Known issues and limitations
This section describes limitations and known issues of the Azure Storage blob inventory feature.
Inventory report object count and data size should not be compared to billing
An inventory report does not include metadata, system logs, and properties, so it shouldn't be compared to the billed object count and data size for the storage account.
Inventory jobs take a longer time to complete in certain cases
An inventory job can take a longer amount of time in these cases:
A large amount new data is added
A rule or set of rules is being run for the first time
The inventory run might take longer time to run as compared to the subsequent inventory runs.
An inventory run is processing a large amount of data in hierarchical namespace enabled accounts
An inventory job might take more than one day to complete for hierarchical namespace enabled accounts that have hundreds of millions of blobs. Sometimes the inventory job fails and doesn't create an inventory file. If a job doesn't complete successfully, check subsequent jobs to see if they're complete before contacting support.
There's no option to generate a report retrospectively for a particular date.

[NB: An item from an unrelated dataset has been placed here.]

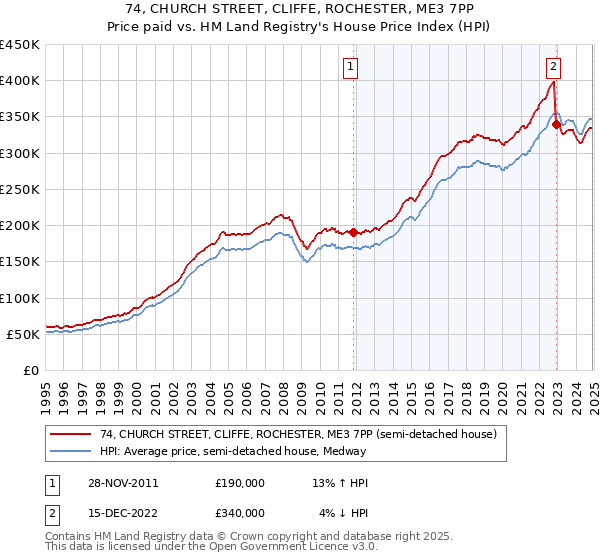 74, CHURCH STREET, CLIFFE, ROCHESTER, ME3 7PP: Price paid vs HM Land Registry's House Price Index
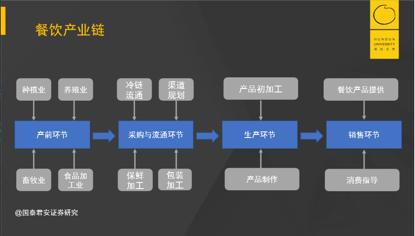 一个模型讲清楚中国经济,一个模型讲解知识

Inventory jobs can't write reports to containers that have an object replication policy
An object replication policy can prevent an inventory job from writing inventory reports to the destination container. Some other scenarios can archive the reports or make the reports immutable when they're partially completed which can cause inventory jobs to fail.
Inventory and Immutable Storage
You can't configure an inventory policy in the account if support for version-level immutability is enabled on that account, or if support for version-level immutability is enabled on the destination container that is defined in the inventory policy.
Reports might exclude soft-deleted blobs in accounts that have a hierarchical namespace
If a container or directory is deleted with soft-delete enabled, then the container or directory and all its contents are marked as soft-deleted. However, only the container or directory (reported as a zero-length blob) appears in an inventory report and not the soft-deleted blobs in that container or directory even if you set the includeDeleted
field of the policy to true. This can lead to a difference between what appears in capacity metrics that you obtain in the Azure portal and what is reported by an inventory report.
Only blobs that are explicitly deleted appear in reports. Therefore, to obtain a complete listing of all soft-deleted blobs (directory and all child blobs), workloads should delete each blob in a directory before deleting the directory itself.